カジュアルゲームからAAAタイトルまで、多様化と細分化が進んでいるゲーム業界。開発規模も年々拡大しており、開発体制の効率化は永遠のテーマだ。こうした事情から近年のゲーム業界では複数社間での分散開発が急増しているが、それにはひとつの課題がある。開発中のファイルやプロジェクトフォルダの受け渡し方法だ。ゲームグラフィックス制作に特化したキャラバンズも課題に直面した企業のひとつ。わずか5年の社歴ながら、『ゼルダの伝説 ブレス オブザ ワイルド』(SW)、『ドラゴンクエストXI 過ぎ去りし時を求めて』(PS4)など、数々の人気タイトルの制作にかかわってきた同社が、とあるプロジェクトでの経験を語る。情報システム管理を担当する小畑英樹氏は「ネットワーク経由でデータを転送したところ原因不明のエラーが頻出し、完全データを入手するだけで、都合1ヶ月くらい消費したことがあった」と振り返った。

  • 小畑英樹氏(情報システム管理)

背景にあるのが、バージョン管理ツールとゲームエンジンの普及がもたらしたプロジェクトデータの肥大化だ。複数社間で協業を行うには、開発環境の均質化と綿密なバージョン管理が欠かせない。しかし、管理用の中間ファイルが数十万個も作られるようになった結果、修正時に関連データをまとめて転送する手法が一般化した。人為的ミスを避けるためだが、データコピーだけでかなりの時間が取られるようになったのだ。

特に同社ではクライアントPCに作業データを置かず、サーバ上にMayaのシーンファイルなどのデータを集約させたまま、必要に応じて各々のアーティストがアクセスし、開発を進める手法を採用している。そのため開発の初期段階では数TBものデータをやりとりすることがあり、コピー時間がボトルネックになっているという。
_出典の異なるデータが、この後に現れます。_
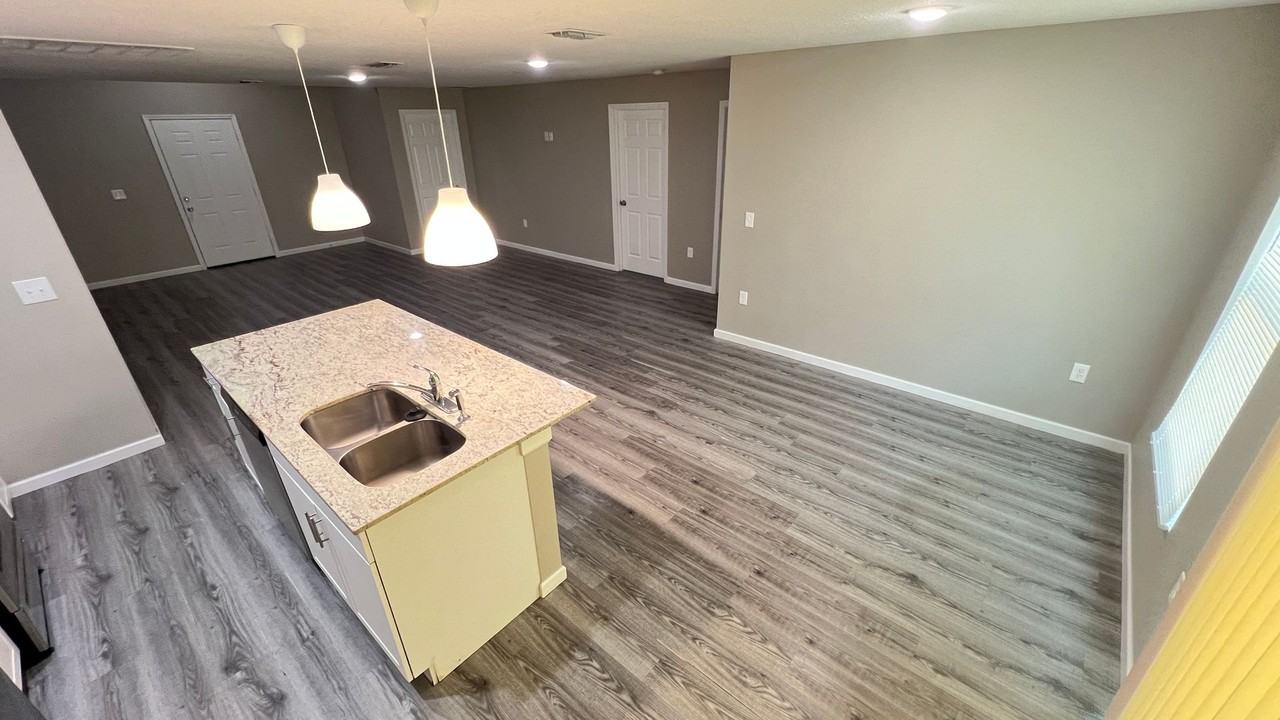 1349 Vandalia Ave Se - Photo 6 of 33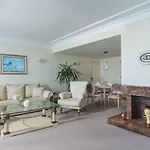 The Palace Hotel, Sunny Day 산콘스탄틴앤헬레나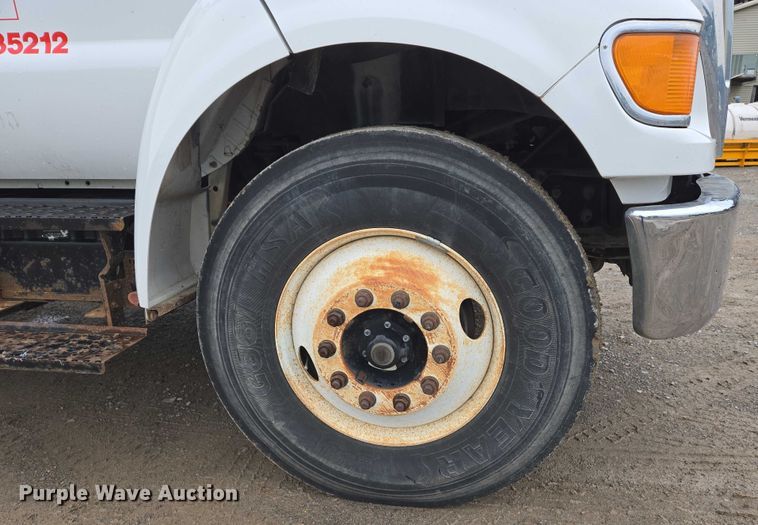 image for item DW7082 2009 Ford  F750 Super Duty XLT hydrovac truck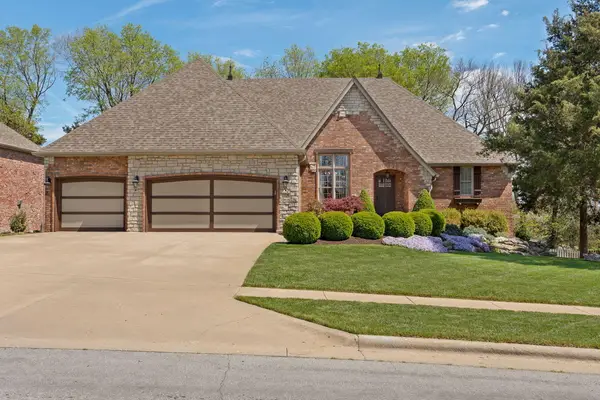 3003 W Cedarbluff Drive, Springfield, MO 65810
同社でシニアデジタルアーティストを務める齋藤光司氏は「こうした問題はゲーム業界だけにとどまらない」と警鐘を鳴らす。自動車・建築・映像業界など、リアルタイムCGの需要拡大と共に、今やゲームエンジンは様々な業界に普及しつつある。肥大化するデータの転送は大きな課題となっているのだ。

  • 齋藤光司氏(シニアデジタルアーティスト))

今回検証された「Samsung SSD 960 PRO M.2」(以下、960 PRO)は、そのための解決策のひとつになり得ると小畑氏は語る。「動画ファイルなどとちがい、ゲームエンジンのプロジェクトフォルダは、数十万個もの細かいファイルで構成されています。こうした条件下でのデータ転送はランダムアクセスが中心となり、SSDといえども速度が出にくい状況です。しかし960 PROではHDDと比べ転送速度が3~5倍も向上しており、驚かされました。ランダムアクセスに強い製品特性がうかがえます。ただしポータブルストレージを含め、SSDだけで構成する必要があるので、その点は注意が必要ですね」(小畑氏)。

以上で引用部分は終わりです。